Rochester, UK

On est mi mars, il fait quelques jours de beau temps, c'est peut-être l'occasion d'aller faire une belle navigation, malheureusement, les quelques jours de beau temps se transforment en une journée de temps à peu près correct au nord de la Loire uniquement, c'est donc vers le Nord que je me tourne pour chercher une destination intéressante, et notamment vers l'Angleterre, puisque j'aime beaucoup ce pays et le dépaysement qu'il provoque.

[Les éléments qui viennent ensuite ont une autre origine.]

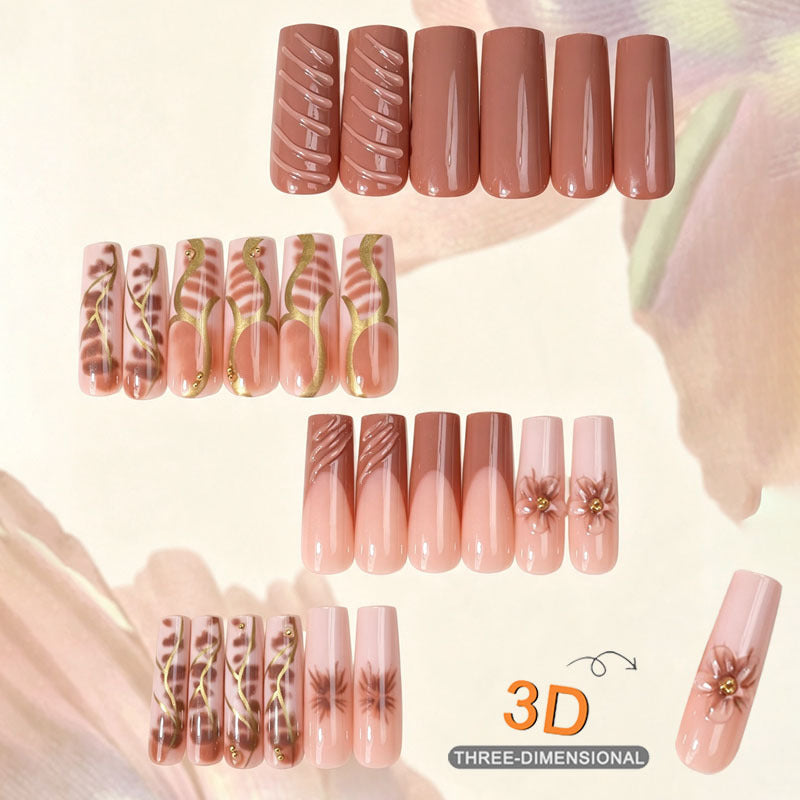 Kreative Press-On Nagelspitzen Kollektion Brehn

L'idée est donc de partir le matin vers 10h d'Orléans, et pour des raisons administratives, d'être de retour à Orléans impérativement avant 18h, en restant un minimum de temps au sol. La destination doit se trouver au sud-est de l'Angleterre, ce qui laisse peu de choix car cette région est assez petite, et avec peu d'aérodromes. Après quelques recherches, j'ai choisi Rochester.

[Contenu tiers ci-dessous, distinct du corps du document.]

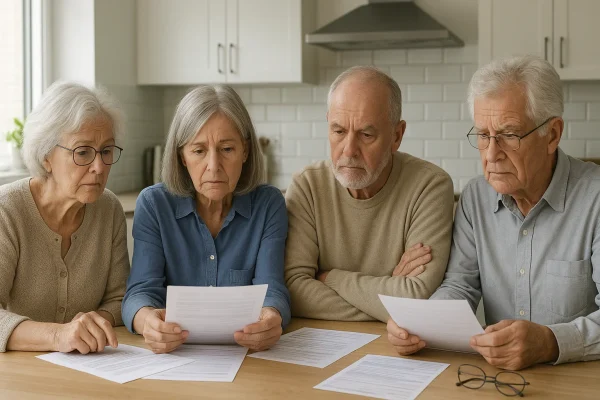 UK State Pension Cut 2025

L'aéroport de Rochester est un aérodrome plus que centenaire, se trouvant dans une zone proche de Londres, à quelques kilomètres de la Tamise, et qui a une piste principale de 830m en herbe, avec un AFIS.

Lorsque l'on prépare un vol vers l'Angleterre, il faut bien assurer la préparation. Notamment, avant le vol, il faut effectuer toutes ces tâches et s'assurer que ça se passe bien à chaque étape :


  • La Douane Française : actuellement, et depuis les attentats de Novembre 2015, la France a refermé toutes ses frontières. Cela signifie que pour aller dans un pays étranger, qu'il soit Schengen ou non, il faut contacter la douane selon les modalités indiquées sur la carte VAC de l'aérodrome de départ. J'ai donc prévenu l'aérodrome d'Orléans, qui s'est chargé d'organiser, gratuitement, le contrôle de douane le jour du départ.

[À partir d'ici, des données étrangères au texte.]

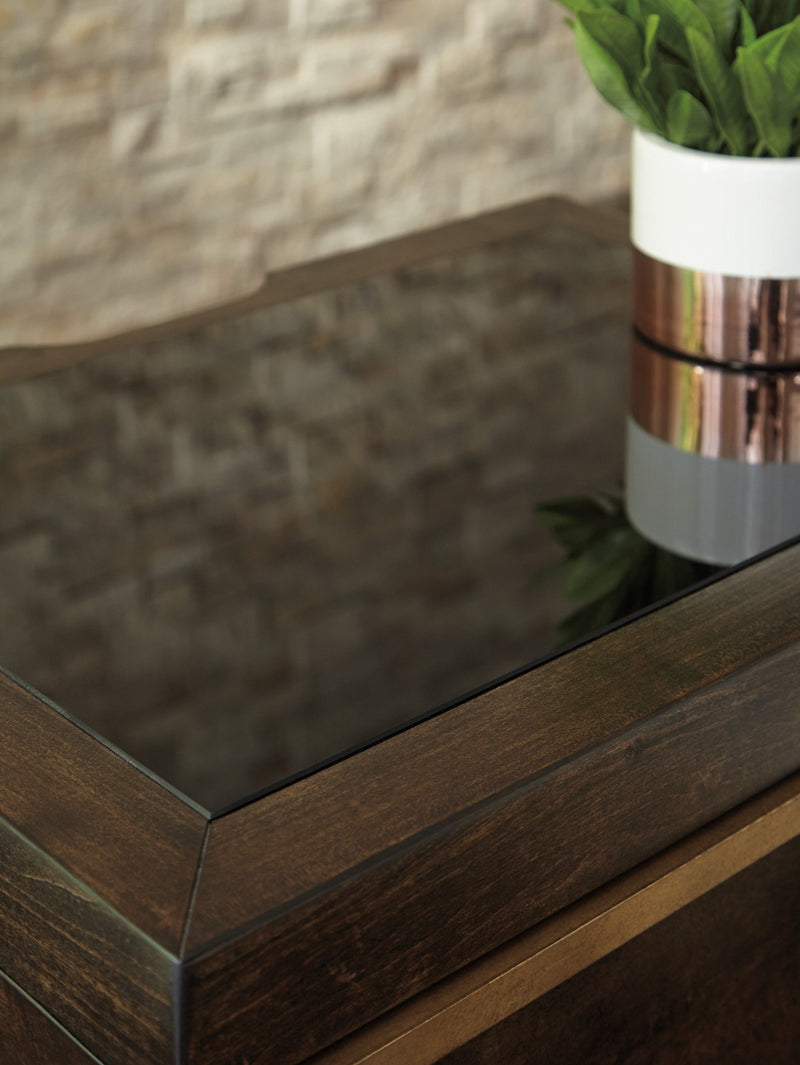 One Drawer Night Stand - Al Rugaib Furniture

  • La Douane Britannique : tout avion entrant sur le sol Britannique doit remplir une déclaration de douane via le site OnlineGAR. Si cette déclaration est bien remplie, il y a très peu de chances pour que des douaniers soient là à l'arrivée, mais si des éléments manquent, alors c'est certain, un douanier vous attendra, ça m'est arrivé une fois, même si ensuite, tout s'est bien passé. Le dépôt de la déclaration prend quelques minutes et peut être corrigé par la suite si besoin, et doit être annulé si le vol est annulé. Il est facturé £2 par déclaration pour un monomoteur à pistons privé avec au maximum 5 personnes à bord.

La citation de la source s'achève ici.